Improving the Faithfulness of Abstractive Summarization via Entity Coverage Control
This addresses the issue of unfaithful summaries for users relying on automated systems, though it is incremental as it builds on existing pre-trained models.
The paper tackled the problem of fact hallucination in abstractive summarization by proposing Entity Coverage Control (ECC), which improved faithfulness and saliency in both supervised fine-tuning and zero-shot settings across three benchmark datasets.

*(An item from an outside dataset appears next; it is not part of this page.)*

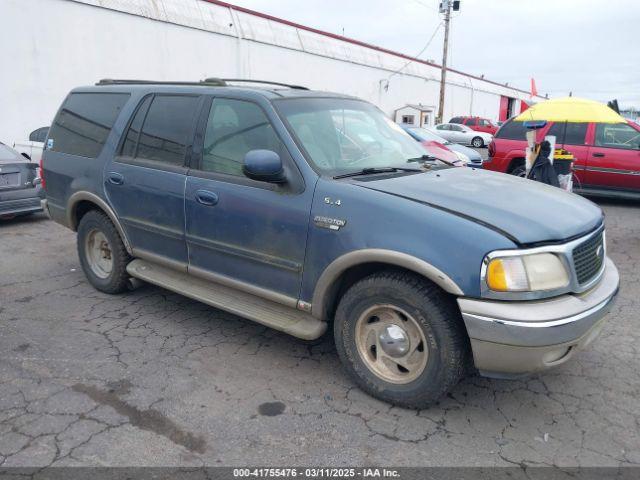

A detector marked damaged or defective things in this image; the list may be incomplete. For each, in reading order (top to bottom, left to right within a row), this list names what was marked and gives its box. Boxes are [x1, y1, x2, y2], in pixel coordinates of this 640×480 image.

Abstractive summarization systems leveraging pre-training language models have achieved superior results on benchmark datasets. However, such models have been shown to be more prone to hallucinate facts that are unfaithful to the input context. In this paper, we propose a method to remedy entity-level extrinsic hallucinations with Entity Coverage Control (ECC). We first compute entity coverage precision and prepend the corresponding control code for each training example, which implicitly guides the model to recognize faithfulness contents in the training phase. We further extend our method via intermediate fine-tuning on large but noisy data extracted from Wikipedia to unlock zero-shot summarization. We show that the proposed method leads to more faithful and salient abstractive summarization in supervised fine-tuning and zero-shot settings according to our experimental results on three benchmark datasets XSum, Pubmed, and SAMSum of very different domains and styles.